Como é possível, daqui, desse Éden,
dessa torre de marfim e casa de ouro
(Turris Eburnea, Domus Aurea),
dessa sorte de pouco convívio com a morte,
avaliar os que moram e morrem
do lado de lá do paraíso,
onde se sabe o sofrimento, a falta dos juízos,
e a dor é comida, bebida, dormida, vivida
como se não existisse amor,
muito menos melhores vidas! 

Há sempre alguém, de quem ideia não se faz,
nem se sabe onde se esconde,
que sofre bem mais do que as demais pessoas,
talvez nós, que nos julgamos merecedores de paz. 

O que vale uma vida humana,
decantada em palácios, sob lençóis de mil fibras,
ou pensada e escrita debaixo do azul do céu,
á beira mar que as brisas beijam e balançam?  

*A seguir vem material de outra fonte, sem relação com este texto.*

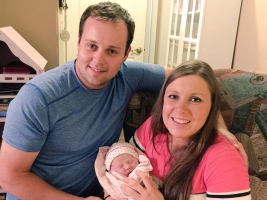 Josh Duggar pictured with his wife, Anna. <br/>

Que se pergunte à criança esquálida,
de olhar estatelado, pasmado e medonho,
que ainda não tem cons/ciência,
que não pode falar de horrores,
a não ser com os olhos da inocência!

terça-feira, 27 de agosto de 2013

Pensares a conta-gotas (220)


Melodias tristes também trazem alegrias.
Nem sempre o sério vem carregado
de curiosidades ou de mistérios,
que nos fazem buscar o prazer,
lá onde possa jazer as fontes da Arte,
ou dos sentimentos, que compartem,
e sanam carências com harmonias.
 


 
Doem-me os olhos em pensar
que o sol, para uns, é claridade,
para outros, só necessidade. 

Doe-me pensar que os ouvidos
de uns ouvem som de melodias,
de outros, só o tinir do malho,
na ferraria. 

Doe-me pensar que o cheiro no ar
é, para uns, perfume de lavanda,
para outros, chorume de estrume. 

Doe-me pensar que o sabor do prato
tem, para uns, gosto de confeitaria,
para outros, o insosso da boia-fria. 

Doe-me pensar que mãos que tateiam
tocam, para uns, o veludo macio,
para outros, somente o apalpar no cio. 

Doe-me saber que os sentidos todos
só são sentidos na cor do sangue das veias,
que uns sentem sem quase nenhum prazer,
e outros se comprazem em sentir,
sem dividir.

domingo, 25 de agosto de 2013

Pesnares a conta-gotas (219)


Ninguém assume culpa de outrem,
nestas breves passagens planetárias.

Cada um há que responder por si,
segundo a consciência dos fatos,
dos méritos e deméritos e consequências,
no que lhes compete, por dever,
revelar justas experiências de ser.


 

Todo mundo tem os dias transitórios,
de rábula, de luto, de vida e morte.

Uma vez findo o velório,
põem-se lembranças de lado,
para o esquecimento do passado,
resguardada, tão somente a recolha,
dos pertences do parente velado.


quinta-feira, 22 de agosto de 2013

Pensares a conta-gotas (218)


A pior democracia vale a melhor ditadura?
- Não, nem rapa mole, nem rapa dura. Probidade. 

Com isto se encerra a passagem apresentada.